*** Opening DATA RECORDS ***
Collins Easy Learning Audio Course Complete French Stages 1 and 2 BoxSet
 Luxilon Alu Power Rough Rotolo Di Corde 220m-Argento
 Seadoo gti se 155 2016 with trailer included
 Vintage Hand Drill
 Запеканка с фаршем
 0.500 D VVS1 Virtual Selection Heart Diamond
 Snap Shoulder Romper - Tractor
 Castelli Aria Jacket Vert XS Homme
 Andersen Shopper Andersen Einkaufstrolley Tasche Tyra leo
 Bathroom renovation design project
*** Closing DATA RECORDS ***
YOUR OBJECTIVE >>
All lines from the one holding "Snap Shoulder Romper - Tractor" through the final line of the material must be set down exactly, and nothing else may be added.

YOUR RESPONSE >>
 Snap Shoulder Romper - Tractor
 Castelli Aria Jacket Vert XS Homme
 Andersen Shopper Andersen Einkaufstrolley Tasche Tyra leo
 Bathroom renovation design project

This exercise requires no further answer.